> Work task:
Restrict the output to the lines below starting at the one that contains "Modern Office Reception" and ending at the one that contains "Hotte de cuisine", and restate them word for word, both ends included.

> Data provided:
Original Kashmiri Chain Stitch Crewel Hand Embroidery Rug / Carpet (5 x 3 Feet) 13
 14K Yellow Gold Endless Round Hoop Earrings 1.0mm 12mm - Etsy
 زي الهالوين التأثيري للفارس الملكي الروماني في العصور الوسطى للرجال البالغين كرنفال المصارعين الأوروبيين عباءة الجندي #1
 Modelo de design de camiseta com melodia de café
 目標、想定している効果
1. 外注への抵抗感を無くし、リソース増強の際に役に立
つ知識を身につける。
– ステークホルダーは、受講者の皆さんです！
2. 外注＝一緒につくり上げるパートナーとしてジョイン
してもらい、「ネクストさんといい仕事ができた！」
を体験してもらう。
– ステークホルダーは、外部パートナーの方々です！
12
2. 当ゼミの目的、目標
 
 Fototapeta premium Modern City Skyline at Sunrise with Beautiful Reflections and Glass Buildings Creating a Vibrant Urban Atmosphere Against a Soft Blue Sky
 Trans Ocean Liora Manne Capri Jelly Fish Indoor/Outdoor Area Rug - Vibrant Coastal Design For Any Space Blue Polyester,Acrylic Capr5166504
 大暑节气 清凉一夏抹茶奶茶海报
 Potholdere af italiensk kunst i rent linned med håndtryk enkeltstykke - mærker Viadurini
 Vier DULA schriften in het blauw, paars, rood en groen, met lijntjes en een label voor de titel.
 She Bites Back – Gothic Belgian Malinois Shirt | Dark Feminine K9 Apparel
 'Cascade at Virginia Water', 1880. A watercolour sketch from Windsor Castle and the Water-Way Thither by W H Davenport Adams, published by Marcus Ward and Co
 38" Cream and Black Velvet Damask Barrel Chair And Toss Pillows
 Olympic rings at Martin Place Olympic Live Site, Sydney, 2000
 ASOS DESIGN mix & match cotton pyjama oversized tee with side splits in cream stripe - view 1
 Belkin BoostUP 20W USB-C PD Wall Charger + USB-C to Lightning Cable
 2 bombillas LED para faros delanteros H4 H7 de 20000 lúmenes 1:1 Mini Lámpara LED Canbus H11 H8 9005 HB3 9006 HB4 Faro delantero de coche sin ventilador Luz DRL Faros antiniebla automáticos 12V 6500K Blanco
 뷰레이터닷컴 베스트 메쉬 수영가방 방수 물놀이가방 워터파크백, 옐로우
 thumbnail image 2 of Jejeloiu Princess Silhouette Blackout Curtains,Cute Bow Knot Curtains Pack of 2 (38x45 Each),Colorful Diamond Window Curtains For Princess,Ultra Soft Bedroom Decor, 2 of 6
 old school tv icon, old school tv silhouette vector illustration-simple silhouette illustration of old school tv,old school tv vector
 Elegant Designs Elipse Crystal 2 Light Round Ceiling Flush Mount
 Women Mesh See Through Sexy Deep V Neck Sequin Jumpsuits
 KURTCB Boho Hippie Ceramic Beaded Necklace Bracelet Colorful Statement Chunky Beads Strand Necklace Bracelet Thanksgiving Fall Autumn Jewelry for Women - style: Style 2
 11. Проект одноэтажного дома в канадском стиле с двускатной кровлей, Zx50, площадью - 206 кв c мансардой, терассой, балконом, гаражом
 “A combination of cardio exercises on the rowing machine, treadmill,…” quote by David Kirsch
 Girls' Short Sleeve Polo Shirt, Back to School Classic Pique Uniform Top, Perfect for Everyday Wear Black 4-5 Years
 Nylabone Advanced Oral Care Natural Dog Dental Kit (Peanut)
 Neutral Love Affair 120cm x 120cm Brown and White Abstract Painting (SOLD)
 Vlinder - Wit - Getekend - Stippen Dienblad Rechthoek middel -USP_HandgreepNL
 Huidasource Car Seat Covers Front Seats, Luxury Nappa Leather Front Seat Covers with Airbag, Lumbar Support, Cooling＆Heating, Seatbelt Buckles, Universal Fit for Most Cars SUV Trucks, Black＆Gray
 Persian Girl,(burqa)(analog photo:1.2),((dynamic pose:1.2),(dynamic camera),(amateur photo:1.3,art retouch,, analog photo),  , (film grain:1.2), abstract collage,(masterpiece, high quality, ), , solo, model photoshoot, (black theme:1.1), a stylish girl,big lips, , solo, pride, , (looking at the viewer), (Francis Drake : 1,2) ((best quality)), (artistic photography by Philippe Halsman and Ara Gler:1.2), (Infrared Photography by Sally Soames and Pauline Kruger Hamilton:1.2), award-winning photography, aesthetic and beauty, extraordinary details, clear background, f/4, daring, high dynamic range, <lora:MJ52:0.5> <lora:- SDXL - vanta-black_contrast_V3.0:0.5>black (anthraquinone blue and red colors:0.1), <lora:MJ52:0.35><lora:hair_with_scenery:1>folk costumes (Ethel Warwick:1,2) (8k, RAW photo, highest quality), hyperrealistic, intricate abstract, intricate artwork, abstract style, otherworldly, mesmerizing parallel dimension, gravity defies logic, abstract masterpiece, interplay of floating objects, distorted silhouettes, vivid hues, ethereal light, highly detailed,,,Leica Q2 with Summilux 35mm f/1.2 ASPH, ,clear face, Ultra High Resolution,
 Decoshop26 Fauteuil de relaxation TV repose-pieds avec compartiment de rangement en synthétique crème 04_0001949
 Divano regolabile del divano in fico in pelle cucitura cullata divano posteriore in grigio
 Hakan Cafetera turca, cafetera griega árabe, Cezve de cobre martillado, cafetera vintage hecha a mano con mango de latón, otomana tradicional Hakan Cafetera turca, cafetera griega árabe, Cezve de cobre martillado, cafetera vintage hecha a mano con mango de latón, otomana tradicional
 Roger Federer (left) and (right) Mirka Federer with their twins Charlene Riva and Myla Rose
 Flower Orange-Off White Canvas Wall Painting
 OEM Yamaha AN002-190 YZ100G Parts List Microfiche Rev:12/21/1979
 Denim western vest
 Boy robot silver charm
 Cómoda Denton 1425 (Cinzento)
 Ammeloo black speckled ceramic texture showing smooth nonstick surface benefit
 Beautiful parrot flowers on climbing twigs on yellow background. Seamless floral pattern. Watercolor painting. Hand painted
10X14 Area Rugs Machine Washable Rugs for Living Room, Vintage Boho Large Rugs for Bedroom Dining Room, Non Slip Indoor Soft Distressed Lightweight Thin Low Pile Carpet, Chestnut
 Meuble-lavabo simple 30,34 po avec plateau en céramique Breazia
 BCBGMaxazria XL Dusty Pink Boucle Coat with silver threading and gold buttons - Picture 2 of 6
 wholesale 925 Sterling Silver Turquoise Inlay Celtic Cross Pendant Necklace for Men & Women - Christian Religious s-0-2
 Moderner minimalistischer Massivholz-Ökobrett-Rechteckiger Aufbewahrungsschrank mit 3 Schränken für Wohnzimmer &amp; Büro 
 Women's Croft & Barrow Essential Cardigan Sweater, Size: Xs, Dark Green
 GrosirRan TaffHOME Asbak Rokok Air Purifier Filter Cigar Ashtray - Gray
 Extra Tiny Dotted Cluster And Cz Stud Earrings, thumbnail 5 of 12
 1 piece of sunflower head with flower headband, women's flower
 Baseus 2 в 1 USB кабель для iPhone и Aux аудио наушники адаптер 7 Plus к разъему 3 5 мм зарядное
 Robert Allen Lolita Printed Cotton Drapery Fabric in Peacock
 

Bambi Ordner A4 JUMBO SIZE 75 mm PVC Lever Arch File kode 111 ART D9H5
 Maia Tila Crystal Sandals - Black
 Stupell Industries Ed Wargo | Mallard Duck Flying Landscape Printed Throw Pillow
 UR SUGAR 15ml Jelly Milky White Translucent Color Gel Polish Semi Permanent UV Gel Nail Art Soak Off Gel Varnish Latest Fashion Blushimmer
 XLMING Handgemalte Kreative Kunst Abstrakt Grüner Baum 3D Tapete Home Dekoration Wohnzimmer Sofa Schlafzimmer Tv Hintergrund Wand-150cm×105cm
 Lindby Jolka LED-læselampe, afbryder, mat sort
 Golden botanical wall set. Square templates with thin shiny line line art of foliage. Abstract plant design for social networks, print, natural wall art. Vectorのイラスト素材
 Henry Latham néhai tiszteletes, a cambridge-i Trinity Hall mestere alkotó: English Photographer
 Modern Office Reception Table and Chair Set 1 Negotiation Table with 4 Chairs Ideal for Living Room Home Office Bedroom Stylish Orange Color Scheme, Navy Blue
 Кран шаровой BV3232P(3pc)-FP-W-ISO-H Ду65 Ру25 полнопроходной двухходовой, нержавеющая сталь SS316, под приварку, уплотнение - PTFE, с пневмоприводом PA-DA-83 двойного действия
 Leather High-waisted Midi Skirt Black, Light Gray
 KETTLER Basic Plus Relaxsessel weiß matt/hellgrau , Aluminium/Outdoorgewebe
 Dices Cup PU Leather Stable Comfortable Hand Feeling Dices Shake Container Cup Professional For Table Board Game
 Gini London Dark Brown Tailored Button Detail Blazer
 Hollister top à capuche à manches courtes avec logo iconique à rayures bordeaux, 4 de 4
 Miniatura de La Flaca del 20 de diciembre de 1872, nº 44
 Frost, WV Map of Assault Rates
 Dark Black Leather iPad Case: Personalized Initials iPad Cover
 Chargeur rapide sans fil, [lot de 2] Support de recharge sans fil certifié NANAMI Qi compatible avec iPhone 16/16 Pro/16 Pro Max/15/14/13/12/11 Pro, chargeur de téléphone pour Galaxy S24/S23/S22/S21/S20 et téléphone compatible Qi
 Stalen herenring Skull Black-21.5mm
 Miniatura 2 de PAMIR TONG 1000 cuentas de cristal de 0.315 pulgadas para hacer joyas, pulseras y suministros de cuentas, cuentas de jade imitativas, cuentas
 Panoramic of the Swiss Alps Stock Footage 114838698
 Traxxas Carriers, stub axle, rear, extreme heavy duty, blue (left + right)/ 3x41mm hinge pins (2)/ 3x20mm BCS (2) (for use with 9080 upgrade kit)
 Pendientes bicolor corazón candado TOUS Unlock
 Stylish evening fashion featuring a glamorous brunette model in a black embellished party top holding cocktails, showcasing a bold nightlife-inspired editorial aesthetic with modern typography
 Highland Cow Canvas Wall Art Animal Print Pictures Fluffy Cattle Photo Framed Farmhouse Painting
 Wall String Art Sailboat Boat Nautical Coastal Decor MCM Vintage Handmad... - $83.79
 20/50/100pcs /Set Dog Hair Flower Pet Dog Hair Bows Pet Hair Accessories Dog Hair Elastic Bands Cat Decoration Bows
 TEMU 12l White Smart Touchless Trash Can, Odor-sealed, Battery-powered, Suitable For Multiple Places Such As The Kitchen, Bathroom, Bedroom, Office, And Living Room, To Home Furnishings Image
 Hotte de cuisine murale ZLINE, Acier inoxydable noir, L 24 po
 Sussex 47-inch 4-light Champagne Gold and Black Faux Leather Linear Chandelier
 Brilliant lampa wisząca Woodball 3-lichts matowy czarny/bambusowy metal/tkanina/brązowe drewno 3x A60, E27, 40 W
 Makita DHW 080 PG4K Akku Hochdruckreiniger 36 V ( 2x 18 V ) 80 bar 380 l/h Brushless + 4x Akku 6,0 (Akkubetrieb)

> Task output:
 Modern Office Reception Table and Chair Set 1 Negotiation Table with 4 Chairs Ideal for Living Room Home Office Bedroom Stylish Orange Color Scheme, Navy Blue
 Кран шаровой BV3232P(3pc)-FP-W-ISO-H Ду65 Ру25 полнопроходной двухходовой, нержавеющая сталь SS316, под приварку, уплотнение - PTFE, с пневмоприводом PA-DA-83 двойного действия
 Leather High-waisted Midi Skirt Black, Light Gray
 KETTLER Basic Plus Relaxsessel weiß matt/hellgrau , Aluminium/Outdoorgewebe
 Dices Cup PU Leather Stable Comfortable Hand Feeling Dices Shake Container Cup Professional For Table Board Game
 Gini London Dark Brown Tailored Button Detail Blazer
 Hollister top à capuche à manches courtes avec logo iconique à rayures bordeaux, 4 de 4
 Miniatura de La Flaca del 20 de diciembre de 1872, nº 44
 Frost, WV Map of Assault Rates
 Dark Black Leather iPad Case: Personalized Initials iPad Cover
 Chargeur rapide sans fil, [lot de 2] Support de recharge sans fil certifié NANAMI Qi compatible avec iPhone 16/16 Pro/16 Pro Max/15/14/13/12/11 Pro, chargeur de téléphone pour Galaxy S24/S23/S22/S21/S20 et téléphone compatible Qi
 Stalen herenring Skull Black-21.5mm
 Miniatura 2 de PAMIR TONG 1000 cuentas de cristal de 0.315 pulgadas para hacer joyas, pulseras y suministros de cuentas, cuentas de jade imitativas, cuentas
 Panoramic of the Swiss Alps Stock Footage 114838698
 Traxxas Carriers, stub axle, rear, extreme heavy duty, blue (left + right)/ 3x41mm hinge pins (2)/ 3x20mm BCS (2) (for use with 9080 upgrade kit)
 Pendientes bicolor corazón candado TOUS Unlock
 Stylish evening fashion featuring a glamorous brunette model in a black embellished party top holding cocktails, showcasing a bold nightlife-inspired editorial aesthetic with modern typography
 Highland Cow Canvas Wall Art Animal Print Pictures Fluffy Cattle Photo Framed Farmhouse Painting
 Wall String Art Sailboat Boat Nautical Coastal Decor MCM Vintage Handmad... - $83.79
 20/50/100pcs /Set Dog Hair Flower Pet Dog Hair Bows Pet Hair Accessories Dog Hair Elastic Bands Cat Decoration Bows
 TEMU 12l White Smart Touchless Trash Can, Odor-sealed, Battery-powered, Suitable For Multiple Places Such As The Kitchen, Bathroom, Bedroom, Office, And Living Room, To Home Furnishings Image
 Hotte de cuisine murale ZLINE, Acier inoxydable noir, L 24 po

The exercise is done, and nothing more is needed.